Re: Some text that may be useful for the update of RFC 2376



In message "Re: Some text that may be useful for the update of RFC 2376",
Rick Jelliffe wrote...

 >That is not the way I remember it. Application/xml was taken out at
 >one stage, and we had to lobby hard to get it put in. The reason
 >users want it is not to prevent xml from being spuriously displayed:
 >it is to ensure end-to-end integrity because the out-of-band approach
 >has so far failed to provide that integrity. 

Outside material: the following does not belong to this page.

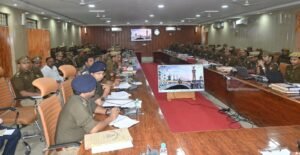 Kushinagar Superintendent of Police given strict instructions in monthly crime seminar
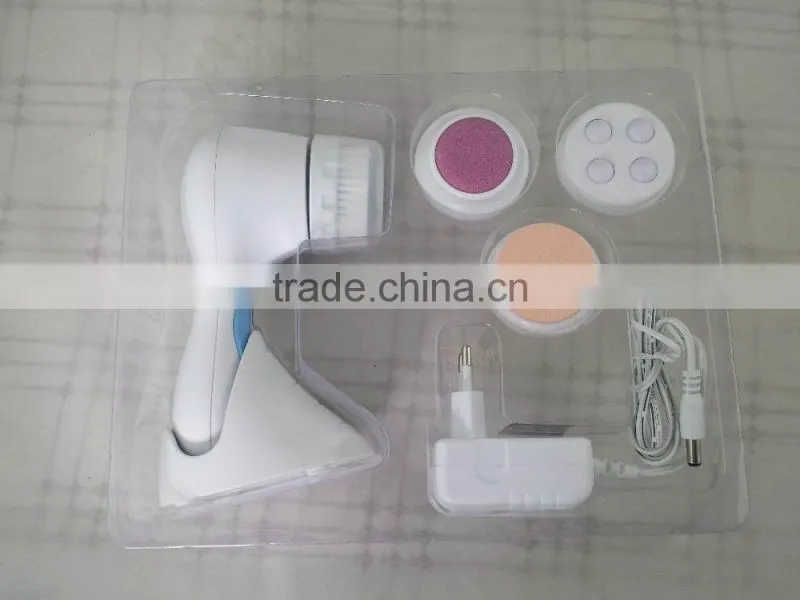 Facial cleansing brush , 360 rotational facial cleansing brush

I remember that you have claimed this several times, but I have never 
agreed.  

XML people thought that application/xml is required since text/* does 
not allow UTF-16.  After we started this mailing list, we have learned 
more from Ned.

 >And what should the type be if it has parts that are readable and
 >parts that are unreadable?  If the document is encoded with a lot
 >of numeric character references, it is unreadable as text/plain
 >but readable as text/xml: should we send documents that use 
 >many numeric character entities as application/xml?
 >
 >We need a way to ensure end-to-end integrity. 

I do not agree.  Why?

 >Out-of-band signalling of the encoding of a file to some extent a hack to
 >cope with formats that are not adequately self-describing.  I would have
 >no problem with removing text/xml entirely: we don't need to negotiate
 >encoding since everything can be resolved into Unicode 

Although XML is based on Unicode, we certainly require negotiation and 
transcoding.  Some XML processors can only handle US-ASCII, 8859-1, UTF-8, 
and UTF-16.  There are so many legacy encodings in the world.  Negotiation 
and on-the-fly transcoding is certainly a good thing for I18N.  If we hide 
encoding information from the protocol, such transcoding becomes hard or 
even impossible.

 >(and, in any case,
 >there is no mechanism currently for an XML parser to feed information
 >about which encodings it accepts to the HTTP system to set up the 
 >preferences in the first place.)

HTTP already has the accept-charset field.  I do not understand your claim.

Cheers,

----
MURATA Makoto  muraw3c@xxxxxxxxxxxxx